Though the job market is improving as the Fed hoped, inflation isn’t moving back toward its 2% objective.

The year-over-year change in the Fed’s favored measure of inflation—the Commerce Department’s personal consumption expenditures price index—has run below the central bank’s 2% target in 52 of the 68 months of the current expansion, including the past 34 consecutive months.

Ms. Yellen said in her testimony she wanted to be “reasonably confident” inflation will return to 2% before raising rates, language that could find its way into the Fed’s policy statement next week.

She left her comments on inflation intentionally vague to give officials wiggle room to discuss and debate what will make them confident in the months ahead.

“I don’t want to set down any single criterion that’s necessary for [rate increases] to occur,” Ms. Yellen told the Senate Banking Committee on Feb. 24. “We will be considering carefully a range of evidence that pertains to the inflation outlook.”

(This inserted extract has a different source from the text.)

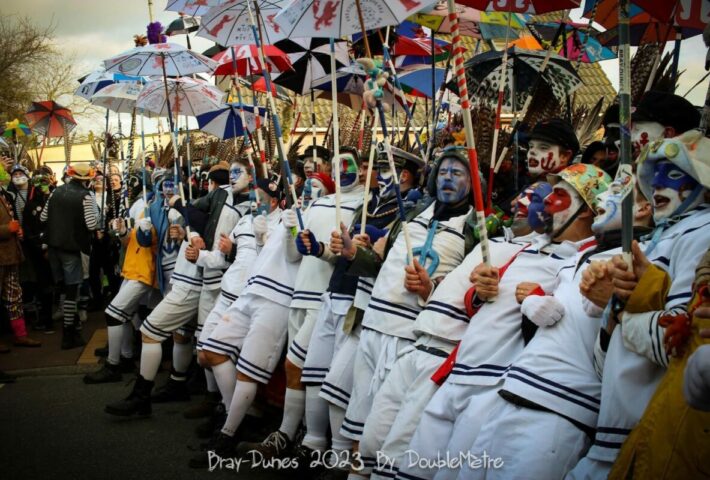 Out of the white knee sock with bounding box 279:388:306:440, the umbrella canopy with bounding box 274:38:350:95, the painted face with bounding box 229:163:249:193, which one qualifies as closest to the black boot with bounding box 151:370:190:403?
the painted face with bounding box 229:163:249:193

Some Fed officials believe that strong improvement over the past year in the job market, by itself, makes it likely inflation will eventually pick up.

A declining jobless rate means there is less slack in the labor market, which, in theory, should put upward pressure on wages and inflation. The unemployment rate was 5.5% in February.

“With the U.S. economy improving and unemployment falling to quite low levels, I expect wage pressures to build and price pressures to return to more normal levels over the course of the next two years,” San Francisco Fed President John Williams said in a speech last week.

That made him “quite confident” inflation would return to 2%, he said.

Some officials aren’t convinced. They want to see concrete evidence that other indicators—including measures of inflation expectations, wages and “core” inflation which exclude food and energy prices—are stabilizing or rising before raising rates.

Removing the patience pledge is part of a broader Fed effort to move away from giving public guarantees about where rates are going next, something they have done for much of the past decade in an effort to manage market expectations.

During the 2004 to 2006 interest-rate increase cycle, for example, Fed officials assured the public they would raise rates at a “measured pace,” a move many now believe was a mistake because it locked them in to a course of action.

“We don’t want to take the markets by surprise,” Fed Vice Chairman Stanley Fischer said last week. At the same time, he added, “There is no good reason that I can see for us to have to telegraph every action that we need to take.”